PHOTO: Oregon Food Bank picks up 1,000-pound bins of onions every other week from River Point Farms in Hermiston, for distribution to emergency food pantries across the state. Photo courtesy River Point Farms.
PHOTO: Oregon Food Bank picks up 1,000-pound bins of onions every other week from River Point Farms in Hermiston, for distribution to emergency food pantries across the state. Photo courtesy River Point Farms.
August 14, 2014

HERMISTON, Ore. - As farmers spend the next few months bringing in their bounty, Oregon Food Bank is asking more of them to rethink what they do with the produce that is perfectly good to eat but not quite good enough to market. Food, almost past its prime, is often donated to food banks, but it requires speedy distribution.

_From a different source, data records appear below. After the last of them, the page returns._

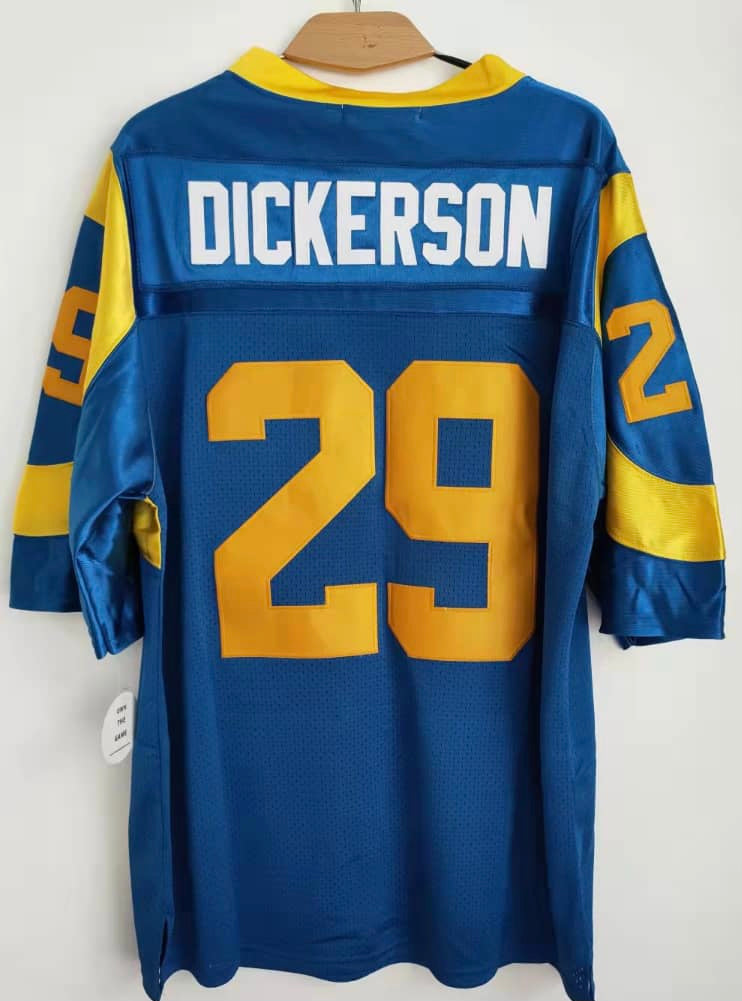Eric Dickerson Los Angeles Rams Classic Authentics Jersey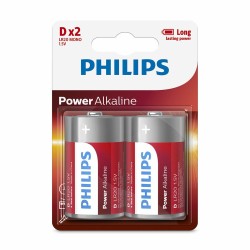 Pilhas Alcalinas Philips...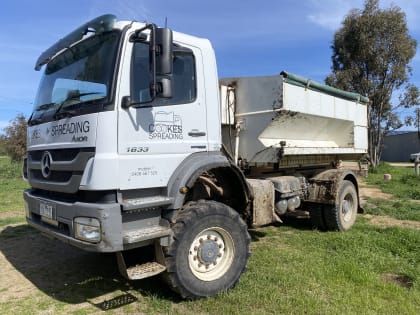 Fertiliser Spreading Business – Northern Victoria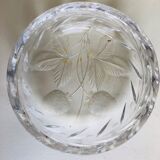 Crystal trinket bowl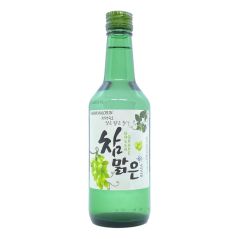 Charm Malgeun Vivid Green Grape Soju (6X360ML)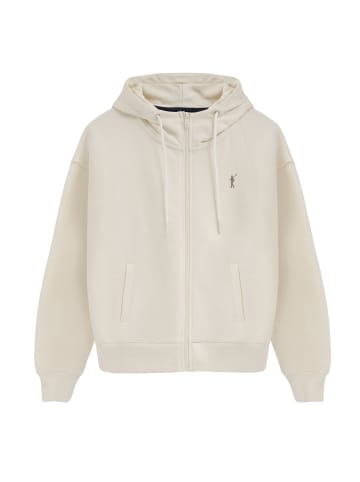 Polo Club Sweatshirt RIGBY GO HOODIE ZIPPER SWEAT W VO in Ecru
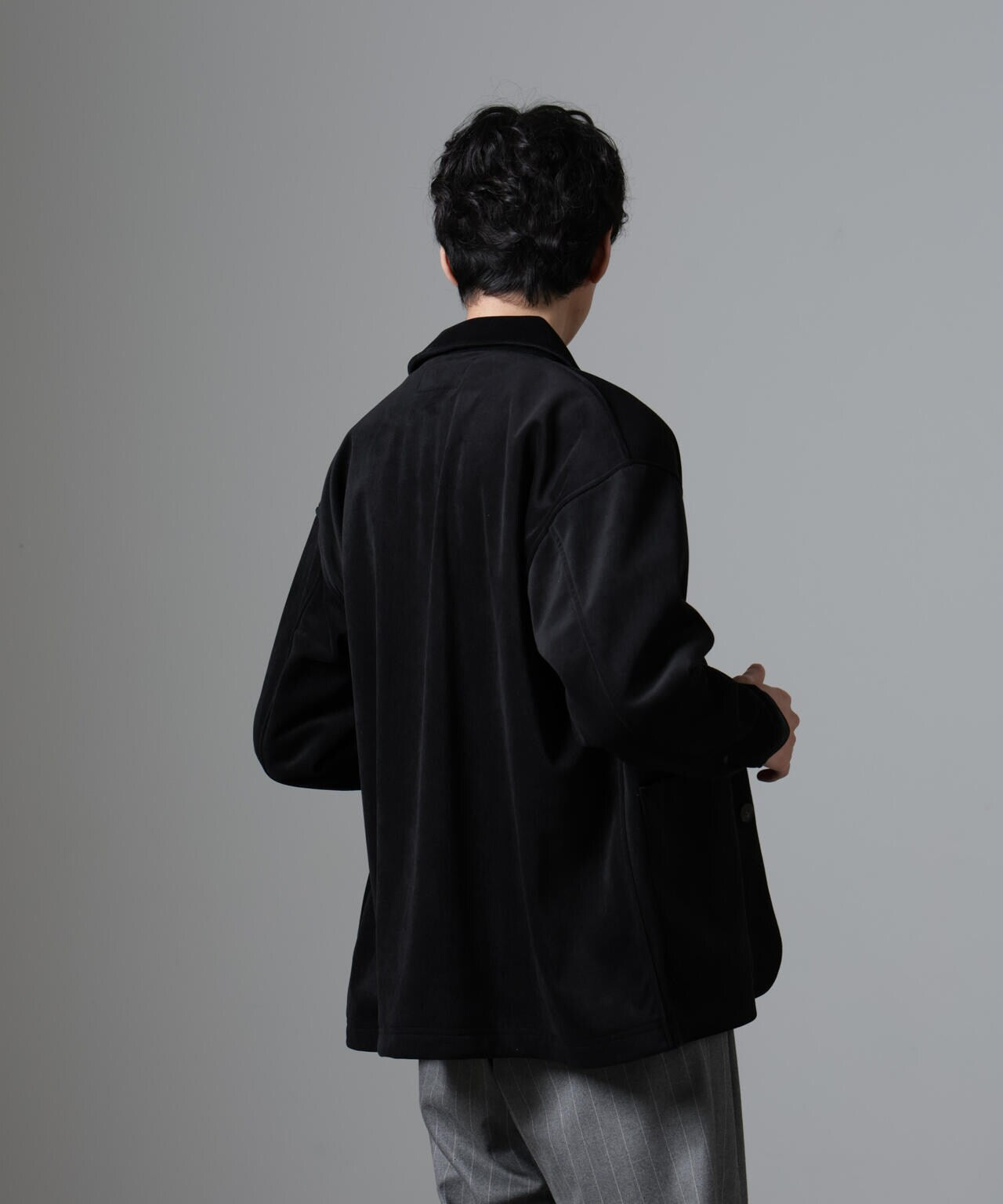 ボンディングコーデュロイカバーオール | NANO universe（ナノ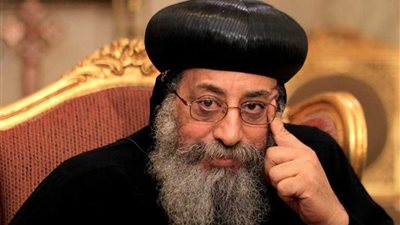 البابا تواضروس الثاني يستقبل السفير اللبناني لدى مصر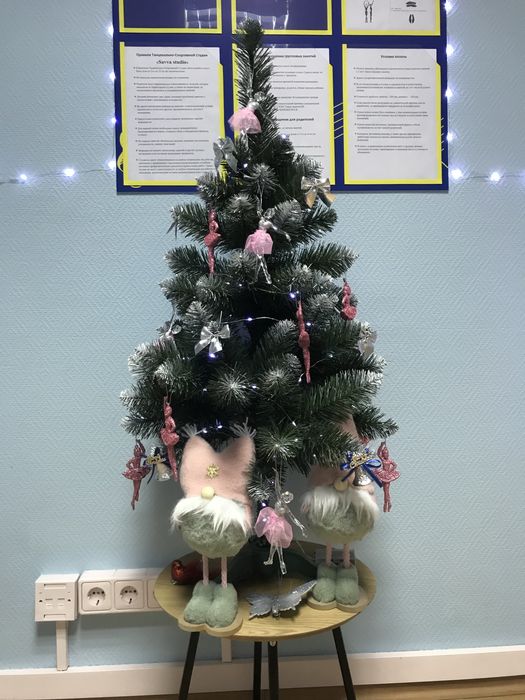 Ялинка Пвх | 1 м | новорічна ялинка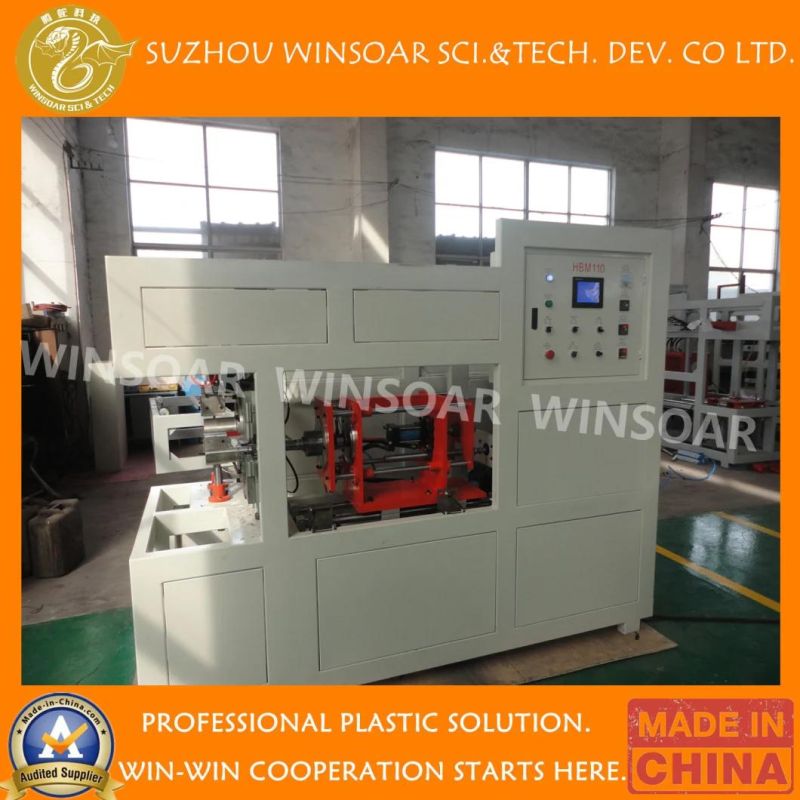 Full Automatic Double out Plastic PVC Conduit Pipe Belling Socketing Machine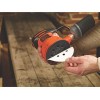 BLACK+DECKER Random Orbit Sander, 5-Inch (BDERO100)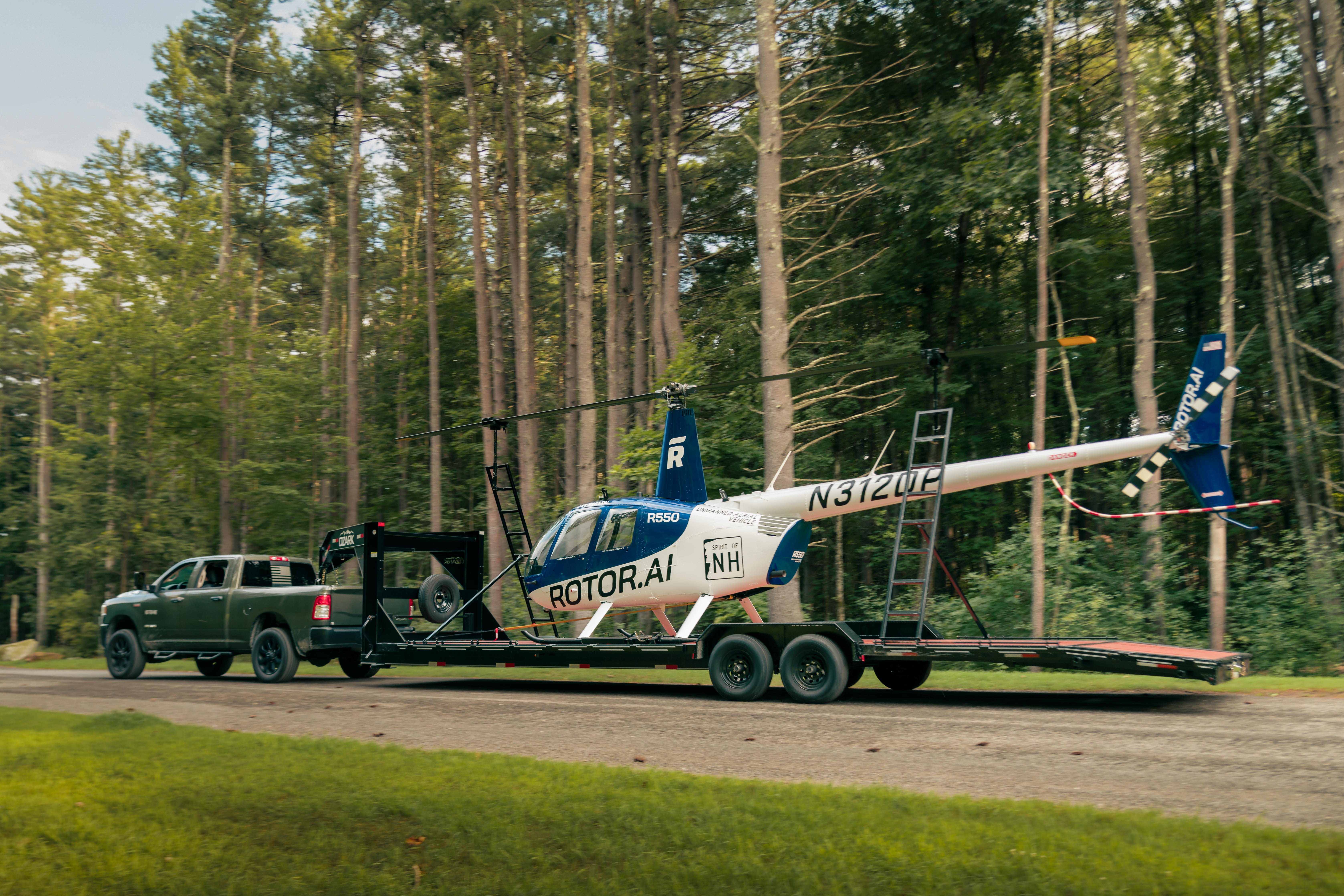 heavy-lift UAVs drone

So, Oregon Food Bank is looking to get more crops fresh from the farm and with longer shelf life. Katie Pearmine, strategic sourcing manager at the Food Bank, helps set up the agreements. She says the goal is consistent, year-round donations of healthy foods that are easy for farmers to maintain.

"We're also able to be a business solution for them," Pearmine says. "If we weren't picking them up, they would be going to seed in most cases and at the same time, because of our new Crop Donation Tax Credit, they're able to receive a 15-percent tax credit for the donation."

Pearmine says Oregon Food Bank doesn't want donations to add extra expense for farms, so depending on the crop and circumstances, the organization can pay for pallets, packaging, transportation, and even help with some labor costs. She says they also work with ranchers and dairy farmers.

In Hermiston, River Point Farms has been an Oregon Food Bank partner since 2007, donating onions that aren't the right size or have blemishes that would keep them out of supermarkets. Stefan Matheny, product research-and-development manager at River Point, says they'd rather have all their harvest put to use than see it go to waste.

"You don't have to be a big operation," Matheny says. "It's been very easy, working with their team and trucking crew. And paperwork-wise, it's been very easy throughout the years."

There are plenty of potential donors around the state, with 35,000 farms producing 200 different crops. For now, Oregon Food Bank says it's focusing on foods with a longer storage life including apples, pears, carrots, onions and potatoes.